The resolutions for 2009
If I were working for the Corporate Media covering politics, my resolutions for the New Year would be this:
10) Having lost the claim to be ‘Mainstream’, I will stop getting my editorial direction from White House press releases, E!, the Heritage Foundation and Rush O’Reilly.
9) I will question how US national security is advanced by supporting the Israeli government’s policies of a 20-to-1 killing ratio against all its enemies. Have Americans died as a result of such unqualified support?
8) I will remember that history didn’t begin with or encompass only the things Doris Kearns Goodwin writes about. Many political choices have historical precedents that can help to judge the wisdom or folly of the latest decisions.

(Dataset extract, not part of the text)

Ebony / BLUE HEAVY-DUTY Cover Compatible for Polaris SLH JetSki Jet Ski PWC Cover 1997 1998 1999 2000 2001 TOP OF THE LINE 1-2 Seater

I will, for starters, go back and read ‘Shrub’ by Molly Ivins to see how much of the past 8 years was not only predictable, but predicted by the late, wise Molly, when she wrote it in 1999. I’ll add a little Howard Zinn and the recently departed Studs Terkel for added perspective that’s not driven by Beltway insiders, PR companies, think tanks and corporate flacks.
7) I will repeat 10 times during my morning coffee every day: ‘Political speculation is not journalism, it’s filler.’
6) I will remember that we were asking if the Democratic Party was dead in 2004, and now we’re asking if the GOP is dead. And I’ll remember that pendulums swing constantly.
And while I can predict that the GOP will need another presidential campaign to be fully cognizant of the changes it will need to make, I won’t keep going for the easy answers that regionalism alone provides. After all, the entire South didn’t vote GOP in 2008. Sunbelt migration by Northerners has also shaped the South’s own evolution. There remain divides between urban, suburban and rural agrarian. There remains (though declining) the political influence of religious extremists. There are class divides, culture divides, education divides, gender and racial and even the divide between smug intellectuals and smart undegreed people deserves further exploration.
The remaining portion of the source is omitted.